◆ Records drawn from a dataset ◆
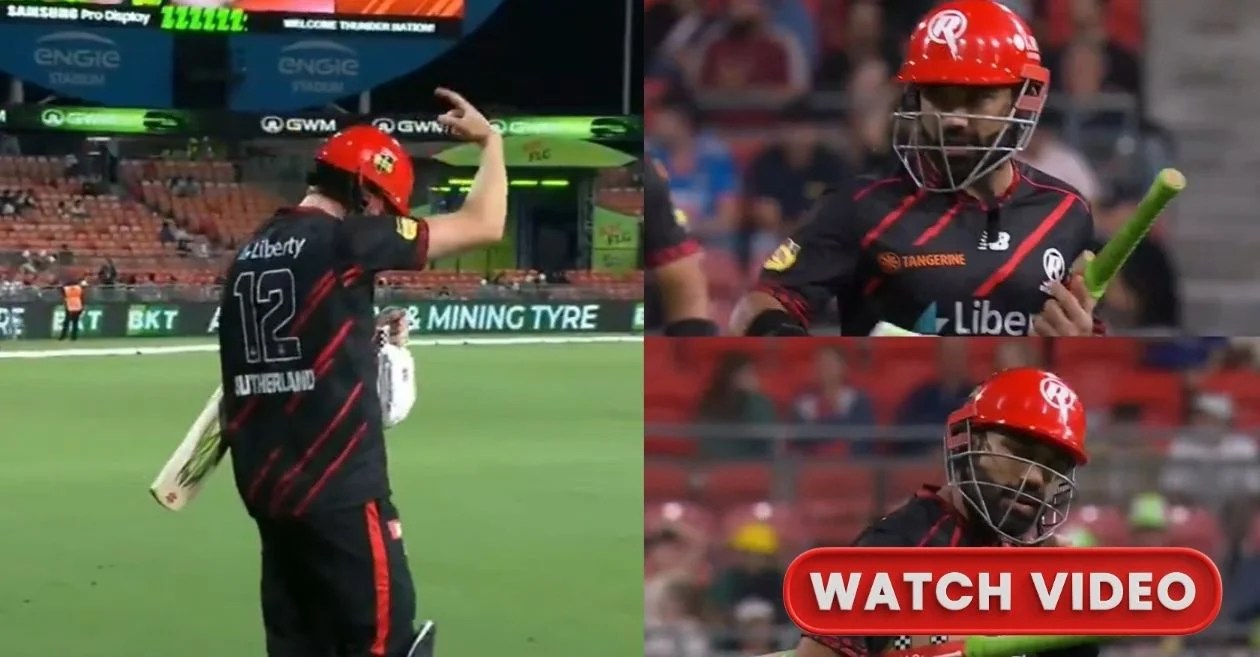 WATCH: Mohammad Rizwan faces embarrassment after Melbourne Renegades retire him out for slow knock against Sydney Thunder in BBL|15 WATCH: Mohammad Rizwan faces embarrassment after Melbourne Renegades retire him out for slow knock against Sydney Thunder in BBL|15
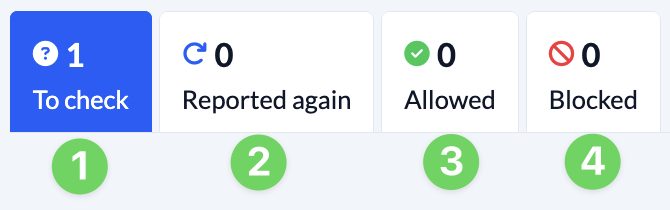Sreenshot Posts To check Reported again Allowed Blocked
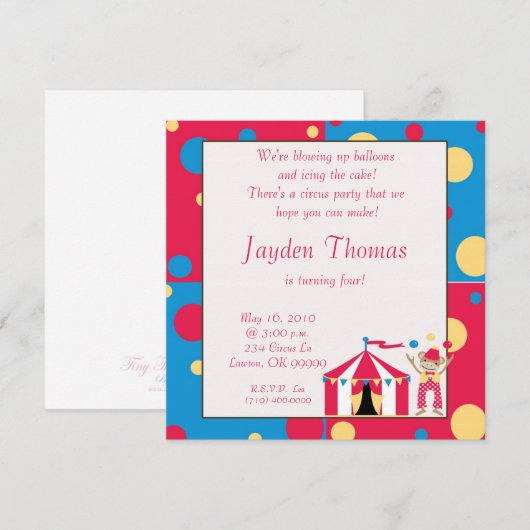 Invitation circusparty, nous faisons exploser des ballons... (Devant / Derrière)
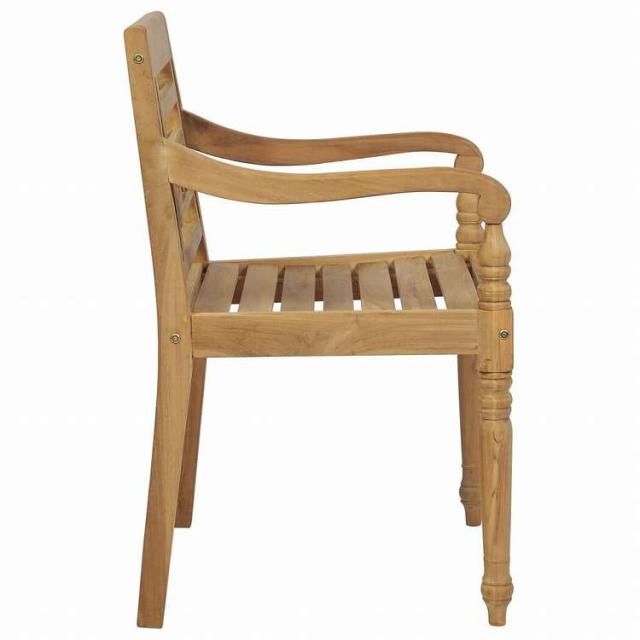 vidaXL バタビアチェア 6点 無垢チーク材家具 アウトドア家具 屋外椅子 アウトドアベンチチェア(代引不可)【送料無料】_3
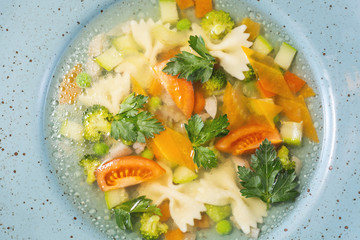 vegetables one third into the soup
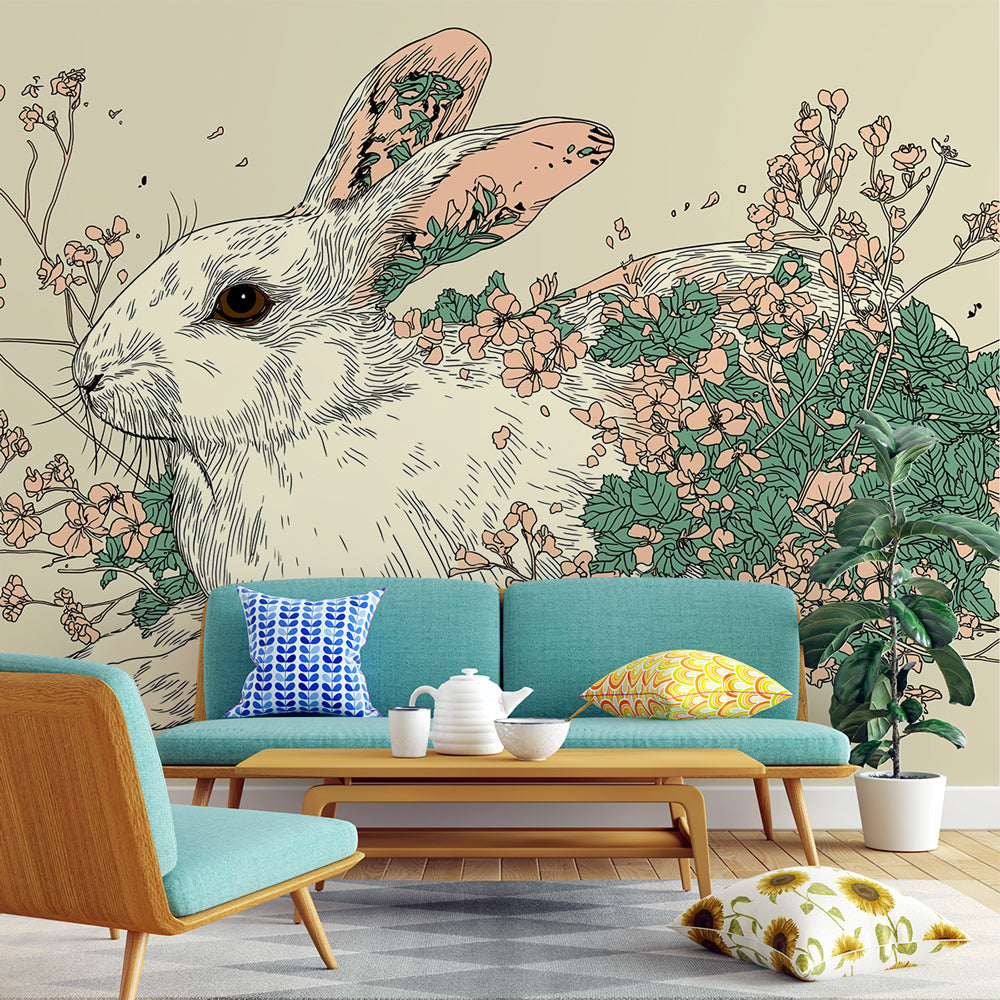 Floral Bunny Mural Wallpaper | An adorable bunny surrounded by delicat —  WonderMural, image size:1000x1000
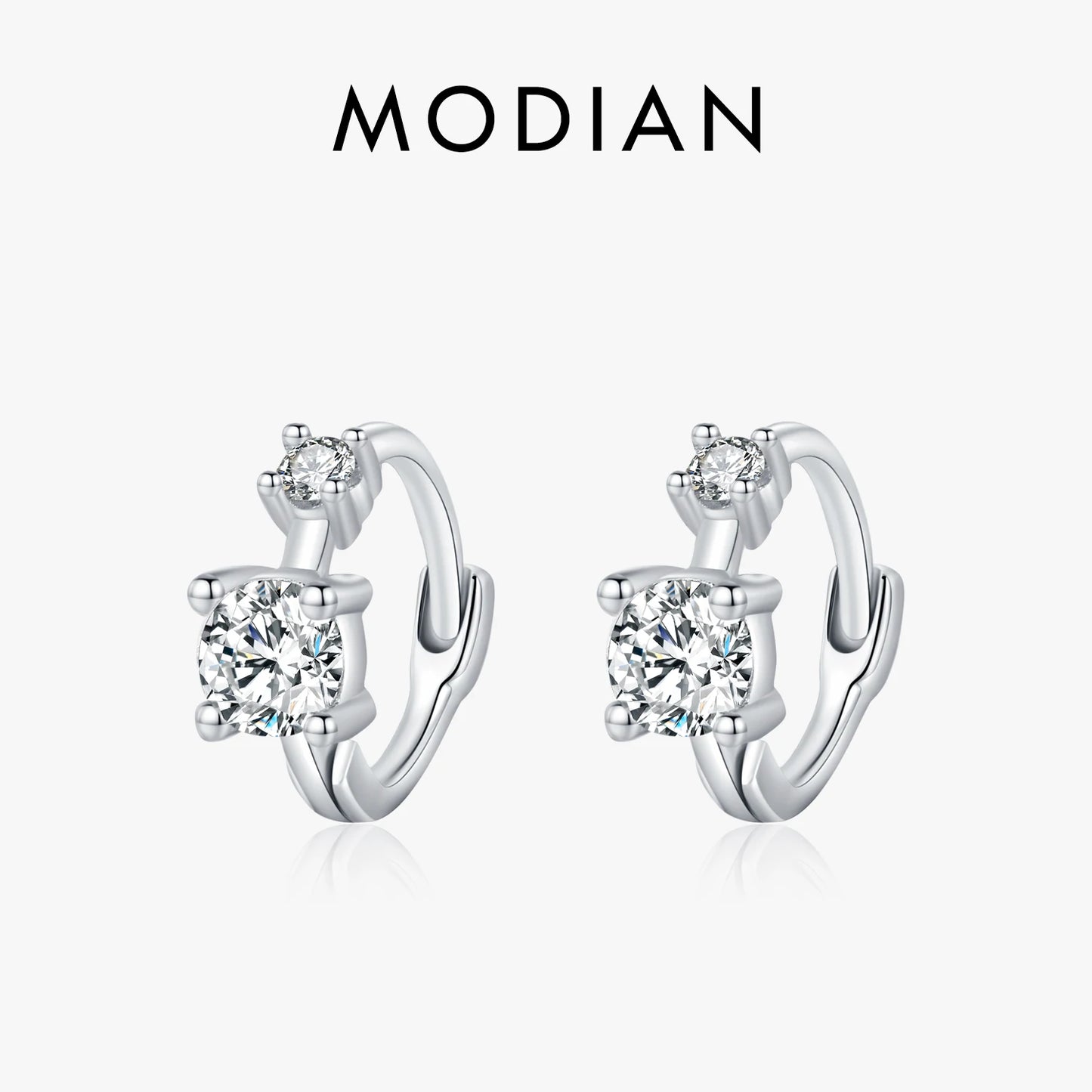 MODIAN 925 Sterling Silver Classic Stackable Tiny Round CZ Hoop Earrings For Women Dazzling Wedding Engagement Fine Jewelry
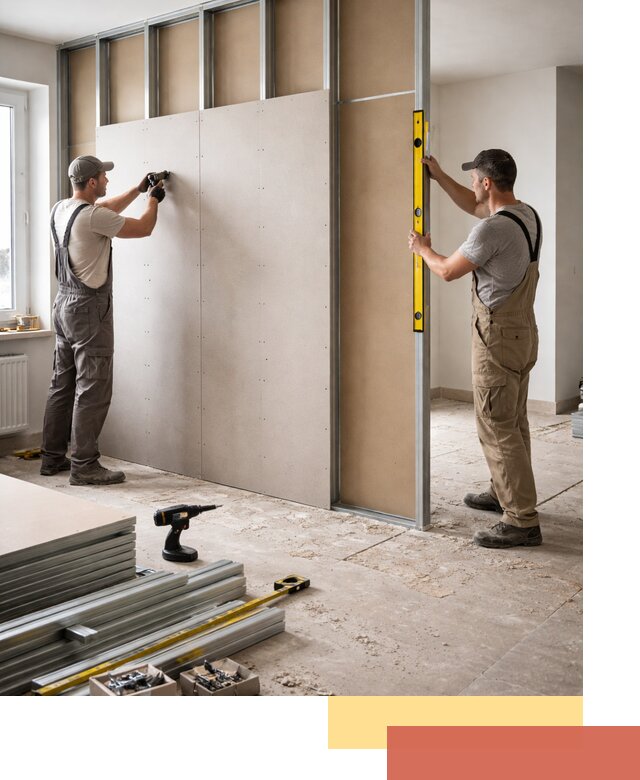 Зонирующая перегородка из гипсокартона под ключ в Городце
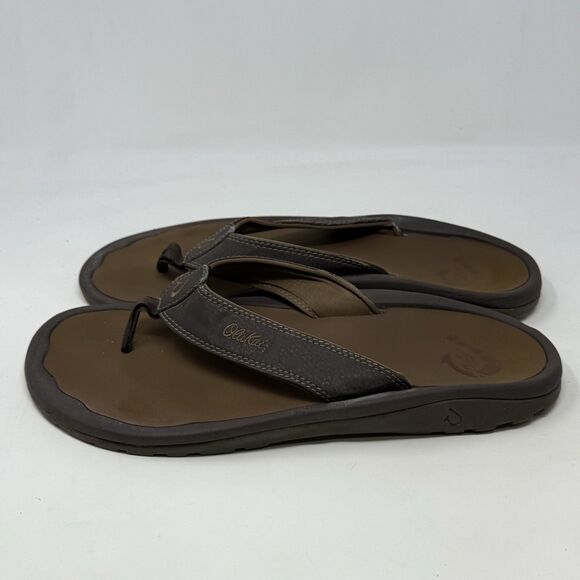 Olukai Ohana Sandals Flip Flops Mens 10 Brown Thong Comfort Casual Beach Preppy - Picture 2 of 15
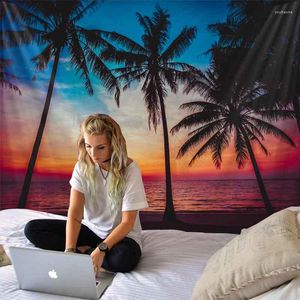 Tapestries Mooie zeegezitter Kokosboom Tapijt Tapijt Sunrise Zonsondergang Muur Hanging Home Decor Hippie Boho Yoga Mat Bleed Beach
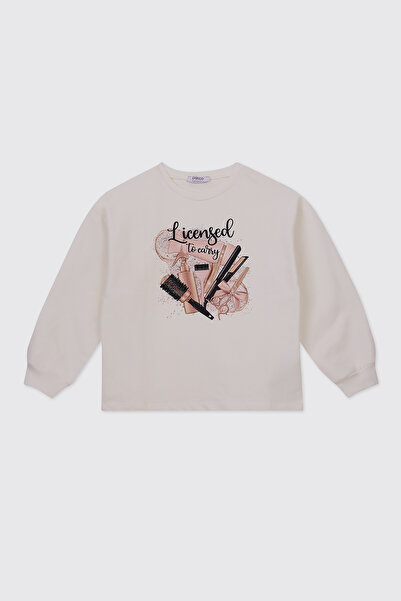 Panço Girl's Ecru Sweatshirt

◆ AIM OF THE EXERCISE ◆
Please retype exactly the lines from the one containing "vidaXL バタビアチェア 6点" through the last line of the records, both included, leaving out every picture.

◆ RESULT OF THIS EXERCISE ◆
 vidaXL バタビアチェア 6点 無垢チーク材家具 アウトドア家具 屋外椅子 アウトドアベンチチェア(代引不可)【送料無料】_3
 vegetables one third into the soup
 Floral Bunny Mural Wallpaper | An adorable bunny surrounded by delicat —  WonderMural, image size:1000x1000
 MODIAN 925 Sterling Silver Classic Stackable Tiny Round CZ Hoop Earrings For Women Dazzling Wedding Engagement Fine Jewelry
 Зонирующая перегородка из гипсокартона под ключ в Городце
 Olukai Ohana Sandals Flip Flops Mens 10 Brown Thong Comfort Casual Beach Preppy - Picture 2 of 15
 Tapestries Mooie zeegezitter Kokosboom Tapijt Tapijt Sunrise Zonsondergang Muur Hanging Home Decor Hippie Boho Yoga Mat Bleed Beach
 Panço Girl's Ecru Sweatshirt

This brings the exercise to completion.